<!-- dx-header -->
# SPAdes Assembler (DNAnexus Platform App)

Summary

This is the source code for an app that runs on the DNAnexus Platform.
For more information about how to run or modify it, see
http://wiki.dnanexus.com/.
<!-- /dx-header -->

SPAdes - St. Petersburg Genome Assembler - is intended for both standard
isolates and single-cell MDA bacteria assemblies.

## Supported data types

Current version of SPAdes works only with Illumina reads. Support for other
technologies (e.g. Roche 454, IonTorrent, PacBio) is currently in progress and
probably will be included in one of the next releases.

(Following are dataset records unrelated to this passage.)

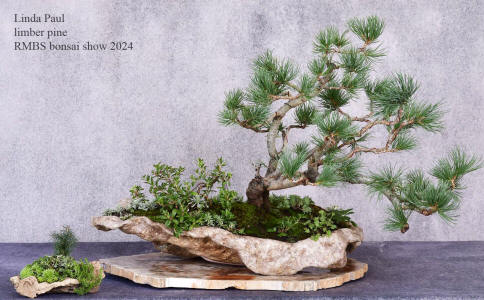 limber pine bonsa in Linda Pual Pot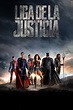 Ver Liga de la Justicia (2017) Online Latino HD - Pelisplus
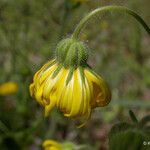 Madia elegans Flower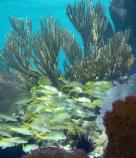 Goatfish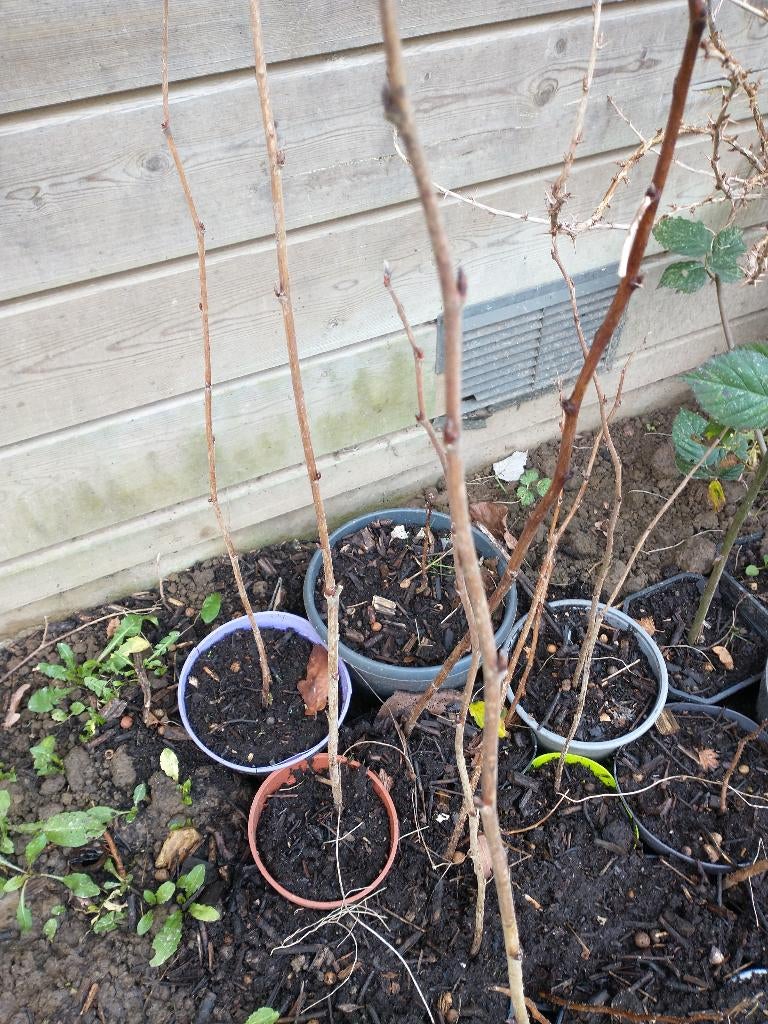 Framboos, Lekker, gezond, bio met excellente eco-score, Ophalen, Vaste plant, Fruitplanten, Volle zon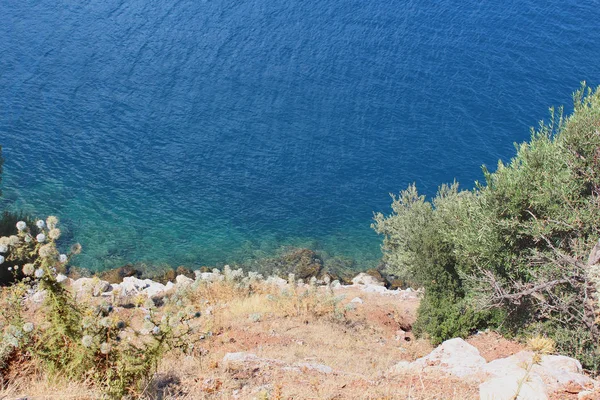 Wild sea shore. Turquoise water. Dry grass. Prickle — Stock Photo, Image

SPAdes supports paired-end reads, mate-pairs and unpaired reads. SPAdes can 
take as input several paired-end and mate-pair libraries simultaneously.

Also note, that SPAdes was initially designed for single-cell and standard
bacterial data sets and is not intended for larger genomes (e.g. mammalian size
genomes) and metagenomic projects. For such purposes you can use it at your own
risk.

Consult the following application note
http://bioinf.spbau.ru/en/spades-rl250-assembly on assembling long (2x150 and
2x250) Illumina reads.

## SPAdes pipeline

SPAdes comes in three separate modules:

* BayesHammer – read error correction tool, which works well on both single-cell
  and standard data sets.
* SPAdes – iterative short-read genome assembly module; by default consecutively
  iterates through K value equal to 21, 33 and 55.
* MismatchCorrector – a tool which improves mismatch and short indel rates in
  resulting contigs and scaffolds; this module uses BWA tool
  [Li H. and Durbin R., 2009] and is turned on by default.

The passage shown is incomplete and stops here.